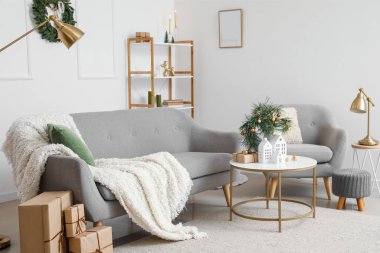 Oturma odasının içinde ev şeklinde mum tutacakları ve Noel hediyeleri var.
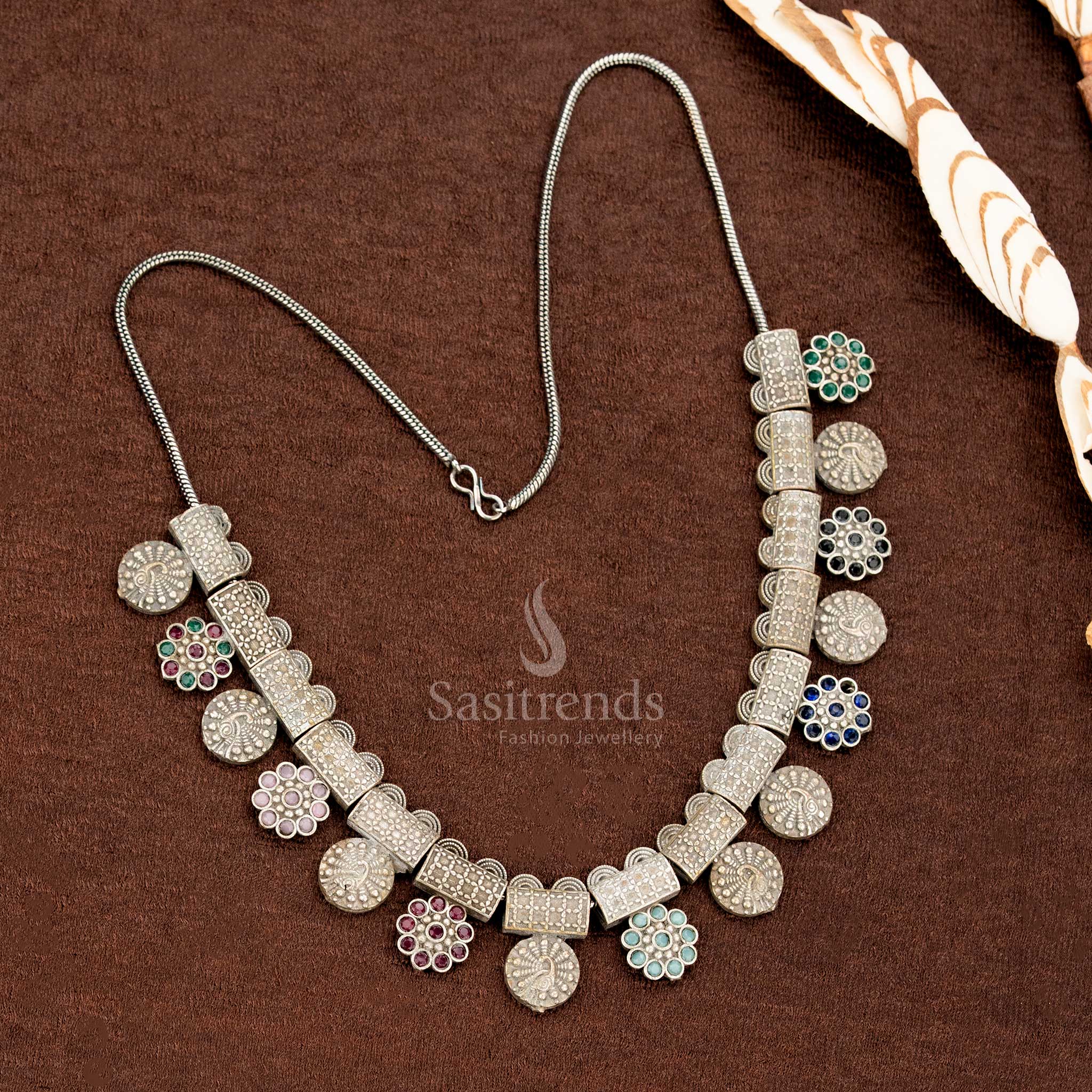 Multi-stone oxidised German silver necklace set with colourful floral hangings, antique block segments, and round studded coin motifs – a vibrant saree jewellery creation by Sasitrends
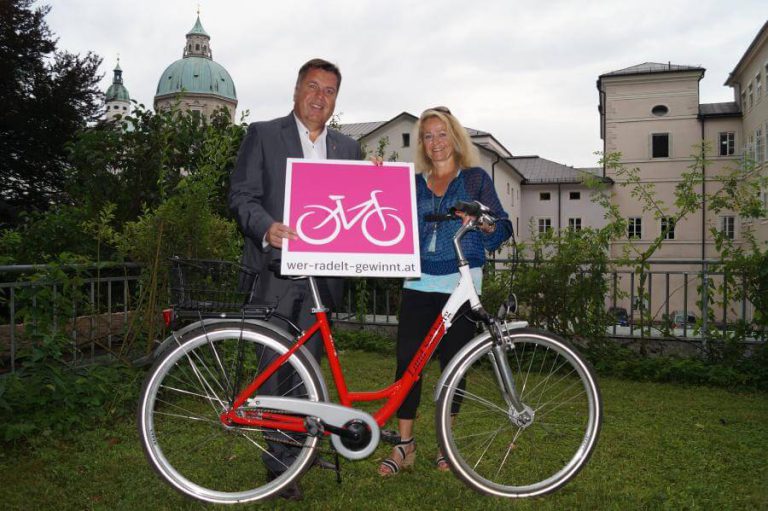 Doris Racker-Weidinger mit Preisgutschein und Fahrrad im Salzburger Stadtbild.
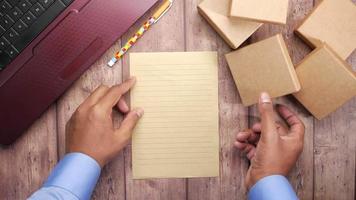 Man at work with piece of paper and little boxes video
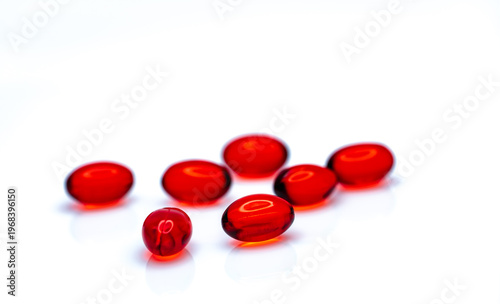 Obraz na płótnie Red soft gel capsule pills isolated on white background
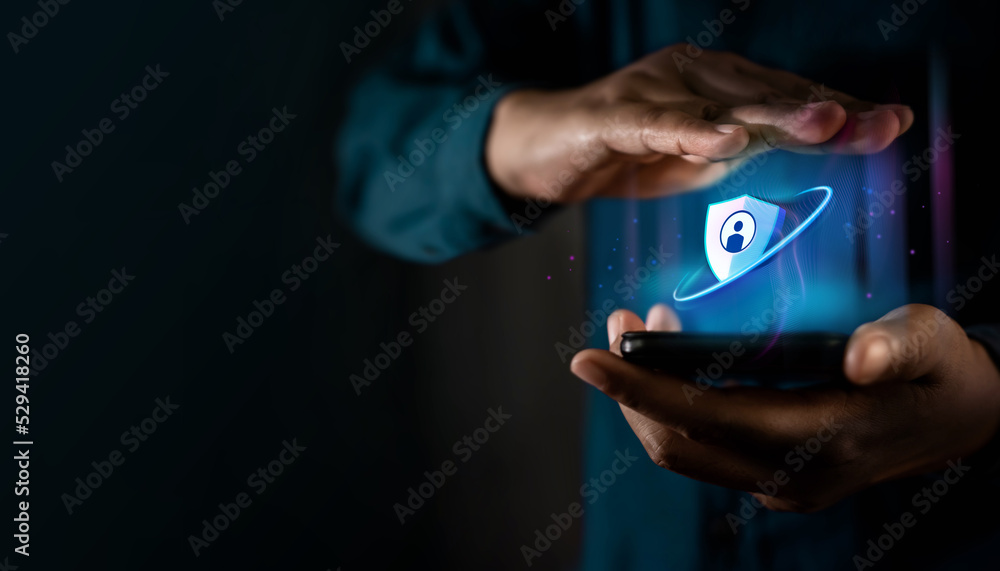Cyber Security and Privacy on New Technology Concept. Web3 Securing Cloud Computing Online Systems. Hand Holding Smart Phone with Padlock and Protect Guard Shield Cyber Security and Privacy on New Technology Concept. Web3 Securing Cloud Computing Online Systems. Hand Holding Smart Phone with Padlock and Protect Guard Shield
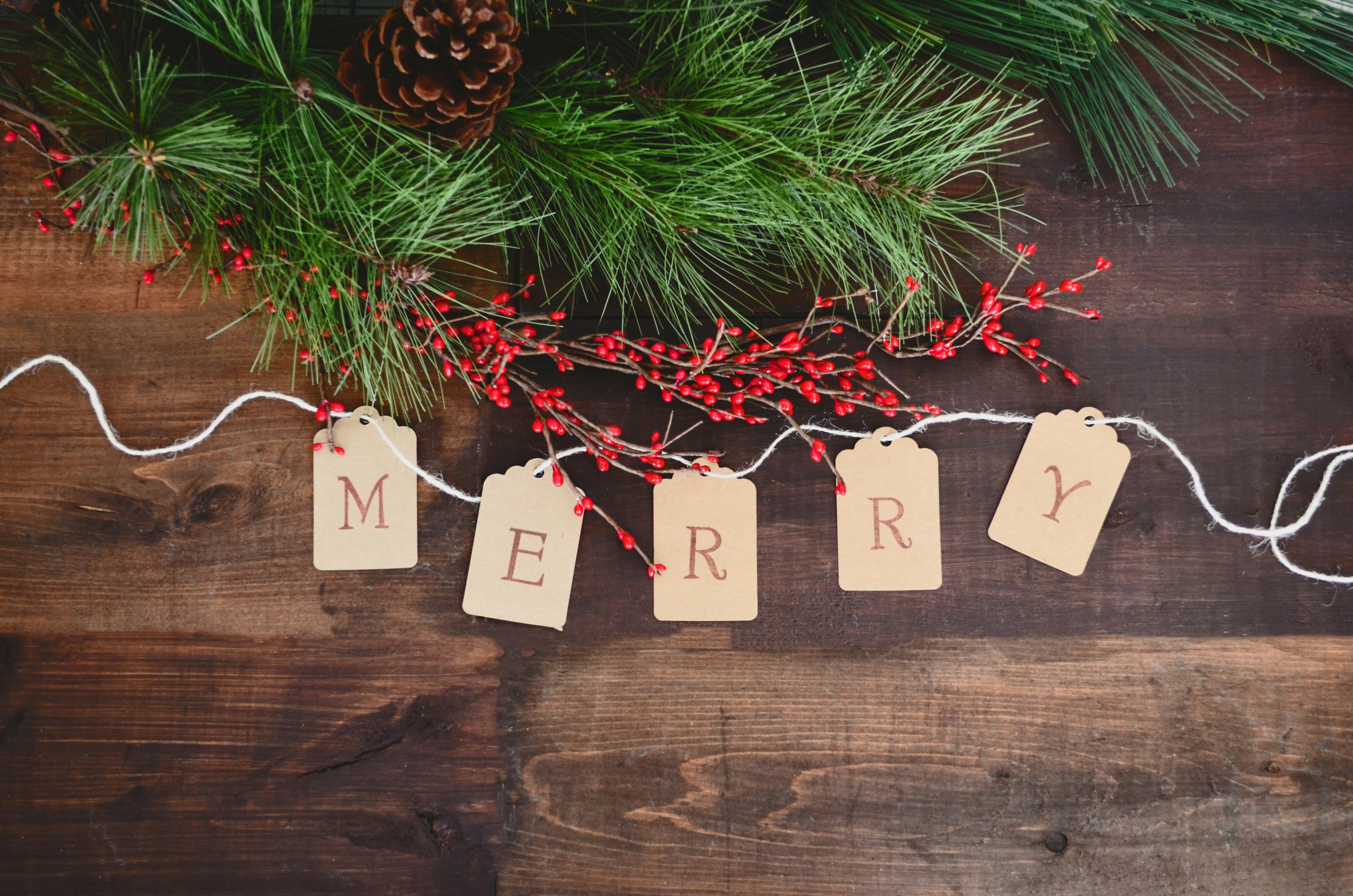 A brown wooden background decorated with green pine branches and red berries, with paper tags strung with twine that spell out "MERRY". - wallpaper image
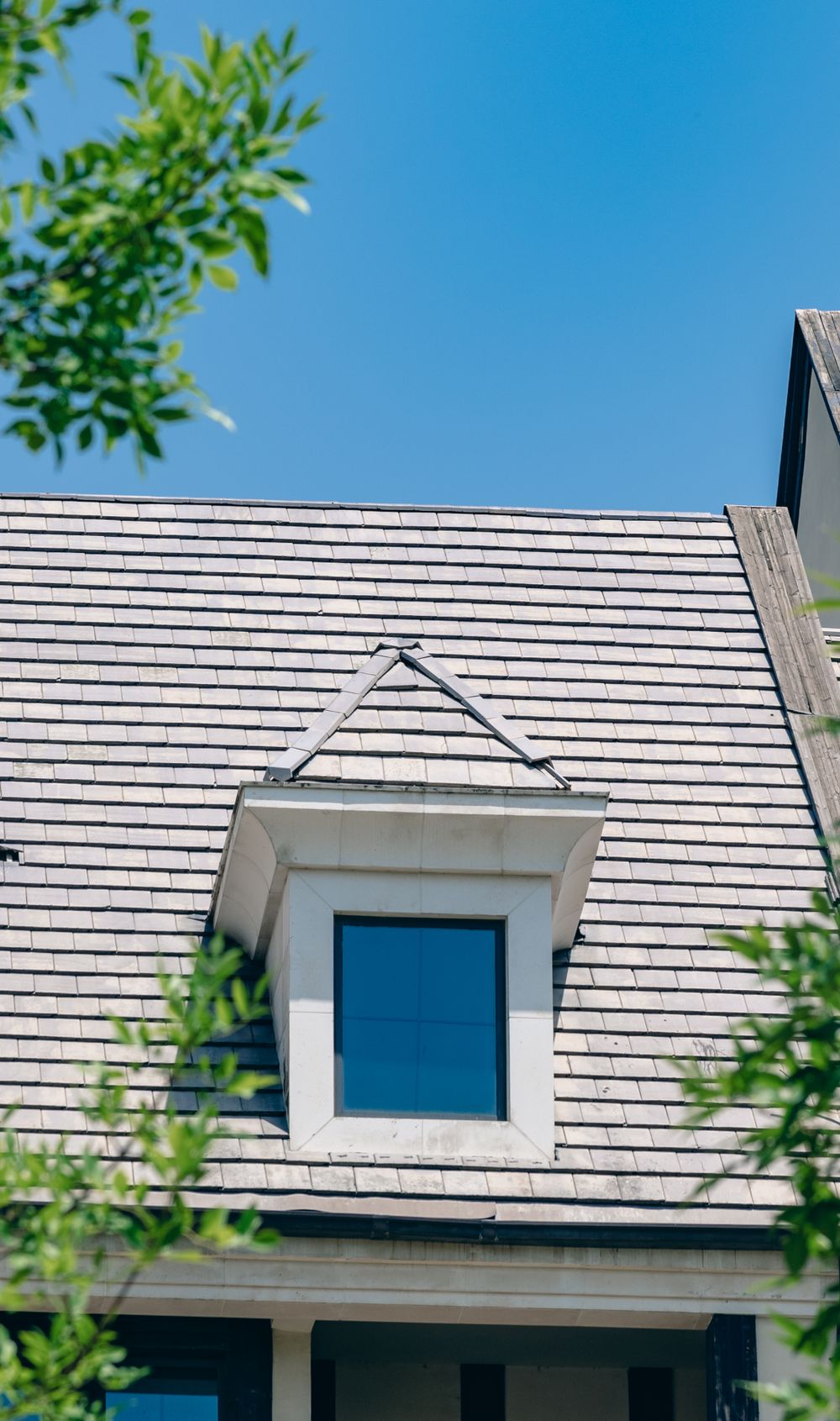 A dormer and ridge line on a shingled roof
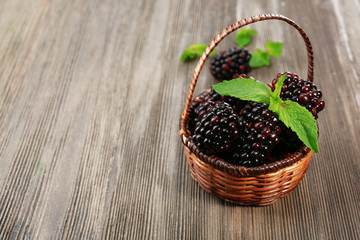Fototapeta na wymiar Ripe blackberries with green leaves in wicker basket on wooden background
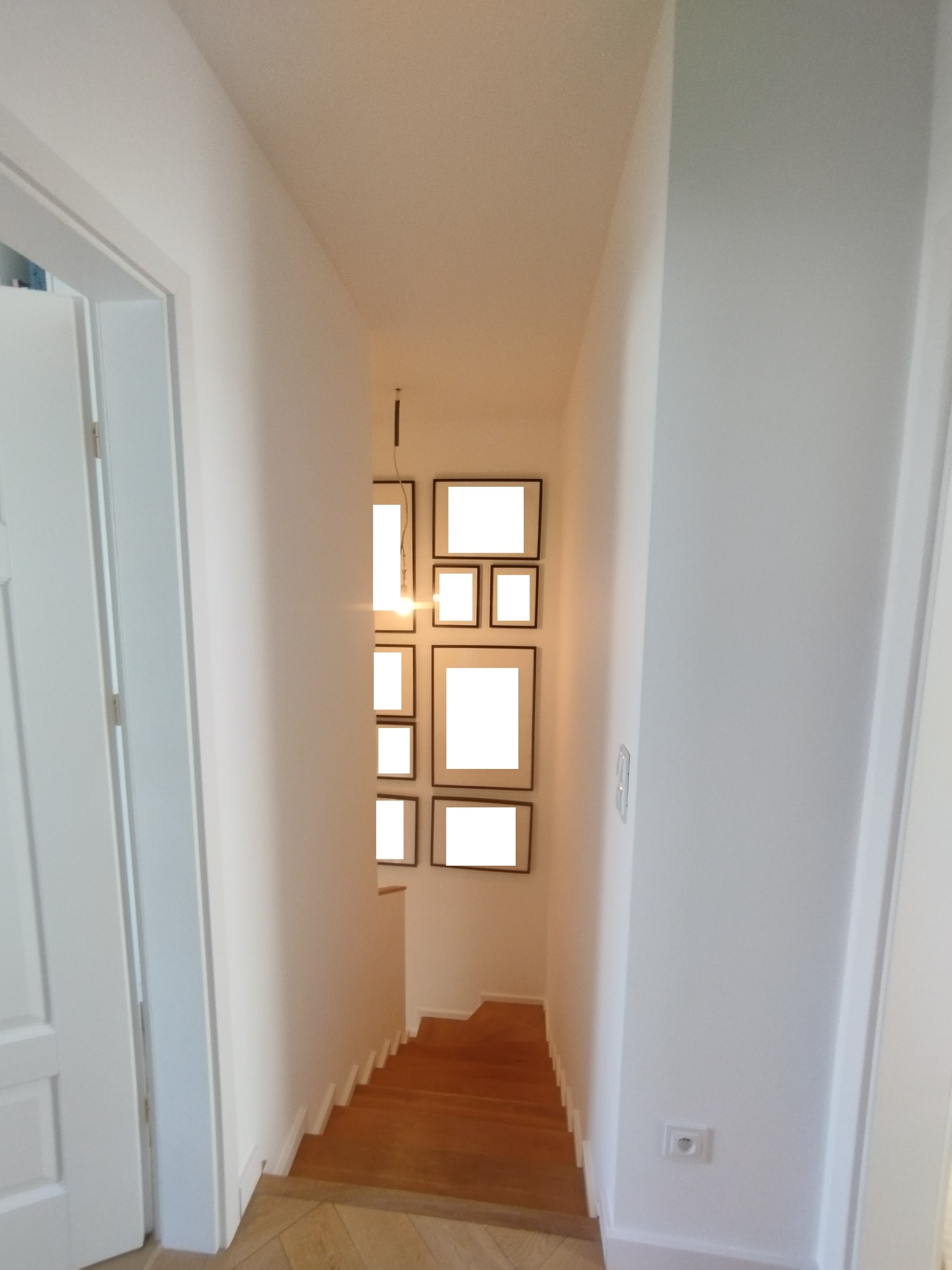 Białe ściany korytarza z drewnianymi schodami i galerią pustych ramek na ścianie, widok z perspektywy drzwi. Minimalistyczny design.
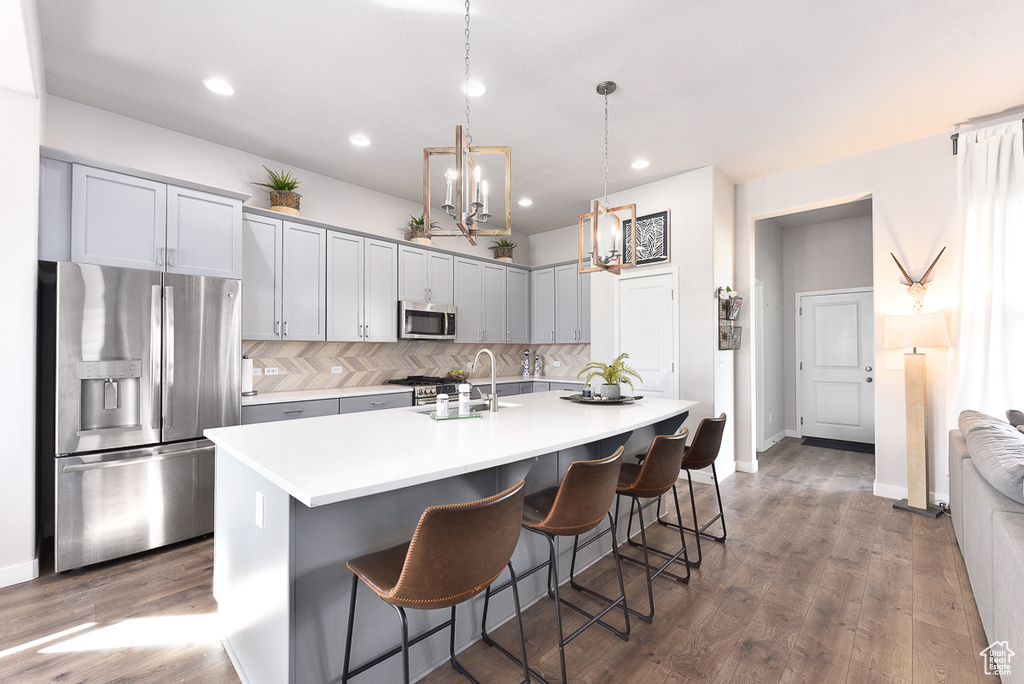 Kitchen with appliances with stainless steel finishes, a sink, backsplash, a breakfast bar area, and light countertops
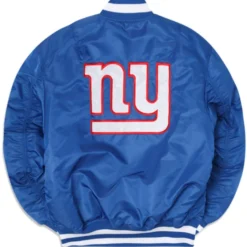 New York Giants X Alpha X New Era MA-1 Bomber Jacket showcasing a bold 'NY' logo in red and white on a royal blue satin finish.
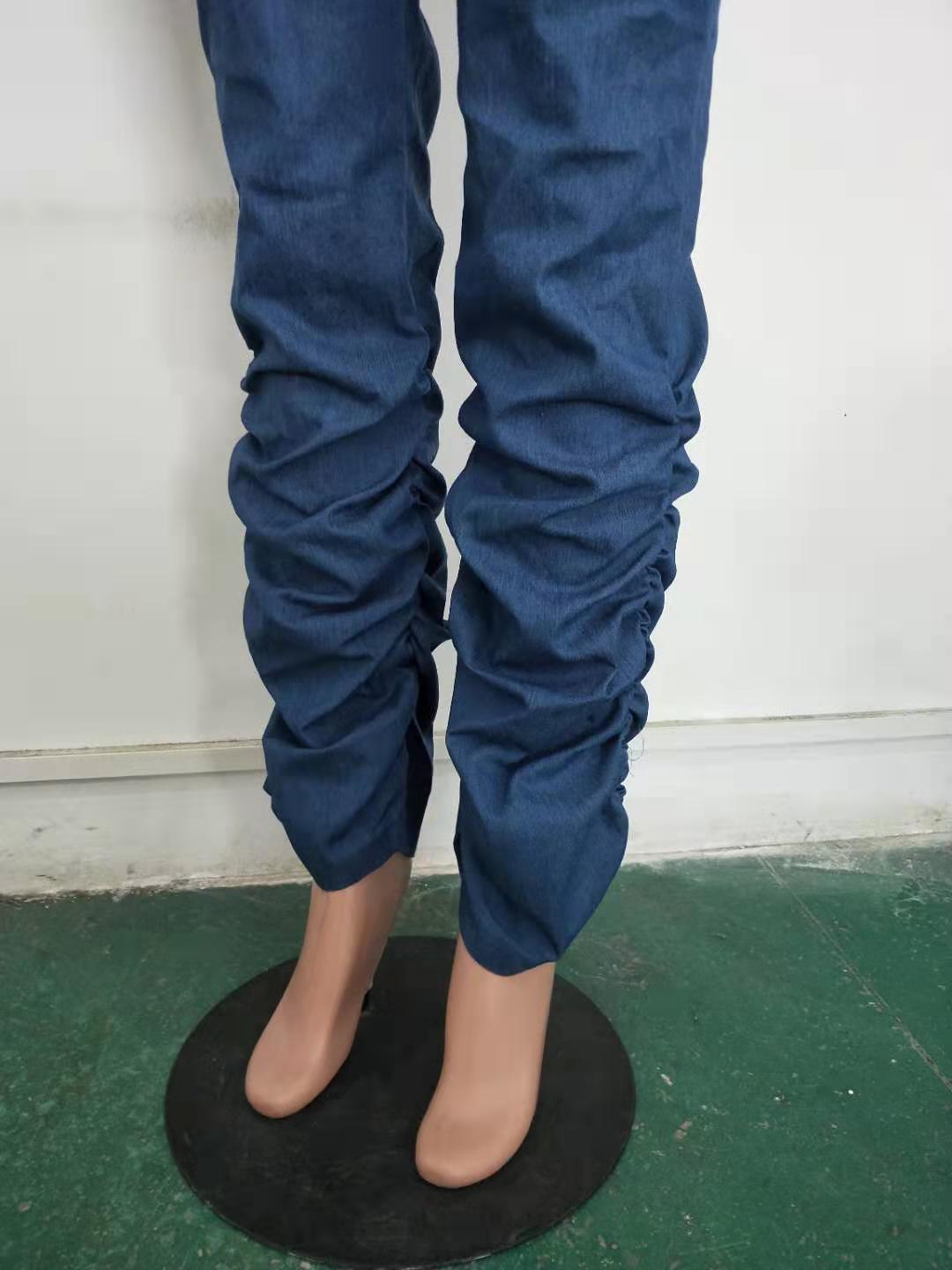 Classic pile of denim trousers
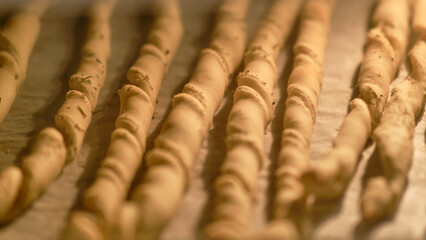 Process of cooking bread strips on disposable baking paper. Grissini breadsticks are cooked in the oven in the home kitchen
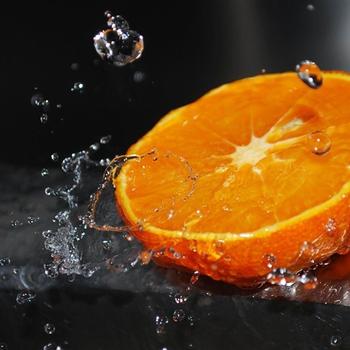 orange half water splashes citrus-food drinks ..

__What you need to do__. When you reach the line holding "Białe ściany korytarza" in the listing above, begin retyping exactly, and stop once the line holding "Classic pile of denim trousers" is done; pictures stay out.

__Reply to the task__.
 Białe ściany korytarza z drewnianymi schodami i galerią pustych ramek na ścianie, widok z perspektywy drzwi. Minimalistyczny design.
 Kitchen with appliances with stainless steel finishes, a sink, backsplash, a breakfast bar area, and light countertops
 New York Giants X Alpha X New Era MA-1 Bomber Jacket showcasing a bold 'NY' logo in red and white on a royal blue satin finish.
 Classic pile of denim trousers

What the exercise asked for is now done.